Below are records; the lines starting at the one with "More Photos Of" and ending at the one with "Celima Collection NWT" must be reproduced exactly, both included. Pictures must not appear.

Provided records —
::::::::

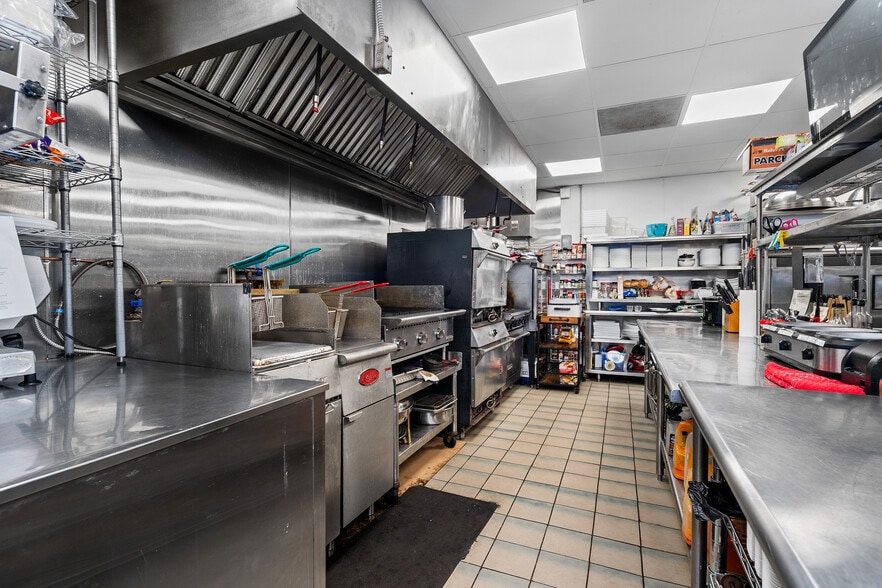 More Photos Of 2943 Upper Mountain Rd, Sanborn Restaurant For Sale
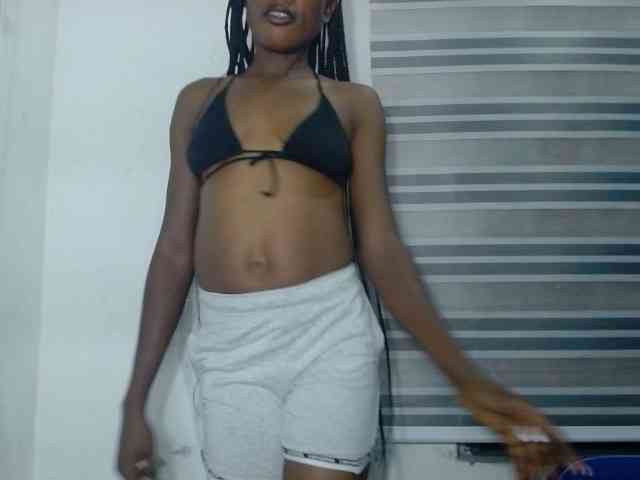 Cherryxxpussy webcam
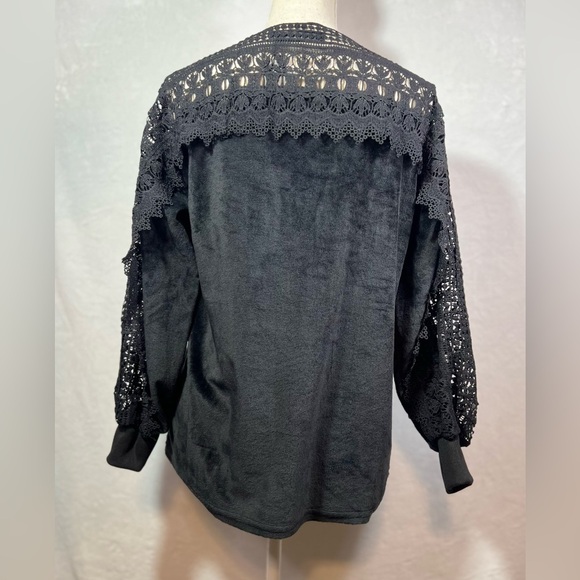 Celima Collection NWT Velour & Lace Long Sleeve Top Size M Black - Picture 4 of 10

::::::::

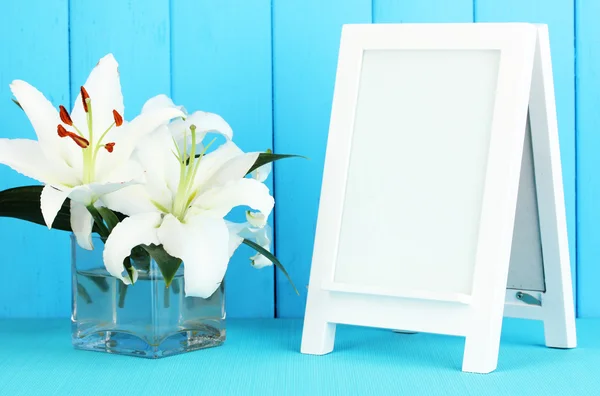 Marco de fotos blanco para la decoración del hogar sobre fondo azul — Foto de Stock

::::::::

Solution to this problem —
 More Photos Of 2943 Upper Mountain Rd, Sanborn Restaurant For Sale
 Cherryxxpussy webcam
 Celima Collection NWT Velour & Lace Long Sleeve Top Size M Black - Picture 4 of 10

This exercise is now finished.